Private Equity Firms Explained

A private-equity firm is an investment management company that provides financial backing and makes investments in the private equity of startup or operating companies through a variety of loosely affiliated investment strategies including leveraged buyout, venture capital, and growth capital. Often described as a financial sponsor, each firm will raise funds that will be invested in accordance with one or more specific investment strategies.

 

Typically, a private-equity firm will raise pools of capital, or private equity funds that supply the equity contributions for these transactions. Private-equity firms will receive a periodic management fee as well as a share in the profits earned (carried interest) from each private equity fund managed.

 

Private-equity firms, with their investors, will acquire a controlling or substantial minority position in a company and then look to maximize the value of that investment. Private-equity firms generally receive a return on their investments through one of the following avenues:

 

  • An initial public offering (IPO) — shares of the company are offered to the public, typically providing a partial immediate realization to the financial sponsor as well as a public market into which it can later sell additional shares;
  • A merger or acquisition — the company is sold for either cash or shares in another company;
  • A recapitalization — cash is distributed to the shareholders (in this case the financial sponsor) and its private equity funds either from cash flow generated by the company or through raising debt or other securities to fund the distribution.

 

Private-equity firms characteristically make longer-hold investments in target industry sectors or specific investment areas where they have expertise.

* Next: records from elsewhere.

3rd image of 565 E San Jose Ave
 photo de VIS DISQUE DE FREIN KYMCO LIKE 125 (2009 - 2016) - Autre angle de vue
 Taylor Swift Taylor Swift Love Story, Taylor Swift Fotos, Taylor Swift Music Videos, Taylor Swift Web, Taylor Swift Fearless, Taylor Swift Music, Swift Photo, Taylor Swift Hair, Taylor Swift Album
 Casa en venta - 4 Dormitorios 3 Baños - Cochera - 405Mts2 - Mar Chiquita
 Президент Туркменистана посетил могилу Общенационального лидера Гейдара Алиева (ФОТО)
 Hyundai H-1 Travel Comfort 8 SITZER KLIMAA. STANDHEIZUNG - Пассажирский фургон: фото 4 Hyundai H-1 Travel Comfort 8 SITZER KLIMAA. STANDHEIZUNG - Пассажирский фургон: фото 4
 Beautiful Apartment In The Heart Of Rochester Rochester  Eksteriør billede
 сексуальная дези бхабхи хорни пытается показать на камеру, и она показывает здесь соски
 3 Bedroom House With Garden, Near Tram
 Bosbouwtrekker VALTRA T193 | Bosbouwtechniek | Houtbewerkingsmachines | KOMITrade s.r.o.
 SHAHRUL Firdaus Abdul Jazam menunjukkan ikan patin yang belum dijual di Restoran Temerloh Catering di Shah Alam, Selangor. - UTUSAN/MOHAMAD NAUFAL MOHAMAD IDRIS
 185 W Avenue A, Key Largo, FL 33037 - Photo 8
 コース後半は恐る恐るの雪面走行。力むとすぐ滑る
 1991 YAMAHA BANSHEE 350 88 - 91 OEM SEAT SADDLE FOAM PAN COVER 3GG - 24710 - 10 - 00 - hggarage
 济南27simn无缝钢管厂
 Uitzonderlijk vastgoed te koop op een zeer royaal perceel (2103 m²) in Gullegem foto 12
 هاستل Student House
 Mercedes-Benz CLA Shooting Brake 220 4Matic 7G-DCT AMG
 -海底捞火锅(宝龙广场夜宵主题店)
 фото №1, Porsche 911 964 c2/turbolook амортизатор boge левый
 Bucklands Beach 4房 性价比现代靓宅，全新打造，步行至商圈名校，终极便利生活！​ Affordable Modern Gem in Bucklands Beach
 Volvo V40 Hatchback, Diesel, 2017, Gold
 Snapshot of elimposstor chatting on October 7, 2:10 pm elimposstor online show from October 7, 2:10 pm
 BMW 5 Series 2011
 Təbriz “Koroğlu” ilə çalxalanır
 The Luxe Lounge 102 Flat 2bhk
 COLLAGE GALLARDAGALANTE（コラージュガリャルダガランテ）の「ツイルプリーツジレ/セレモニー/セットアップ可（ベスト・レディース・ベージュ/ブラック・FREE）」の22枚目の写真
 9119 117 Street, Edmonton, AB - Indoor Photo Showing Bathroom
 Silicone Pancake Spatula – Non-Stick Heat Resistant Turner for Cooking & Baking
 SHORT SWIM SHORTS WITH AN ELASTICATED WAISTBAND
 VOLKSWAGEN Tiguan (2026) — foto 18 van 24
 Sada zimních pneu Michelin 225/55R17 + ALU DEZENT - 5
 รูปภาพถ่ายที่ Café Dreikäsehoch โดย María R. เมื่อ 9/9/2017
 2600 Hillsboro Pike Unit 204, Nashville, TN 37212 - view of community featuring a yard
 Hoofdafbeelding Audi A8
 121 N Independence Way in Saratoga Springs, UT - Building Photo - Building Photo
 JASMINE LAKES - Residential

Private-equity firms and investment funds should not be confused with hedge fund firms which typically make shorter-term investments in securities and other more liquid assets within an industry sector but with less direct influence or control over the operations of a specific company.

 

Where private-equity firms take on operational roles to manage risks and achieve growth through long term investments, hedge funds more frequently act as short-term traders of securities betting on both the up and down sides of a business or of an industry sector’s financial health.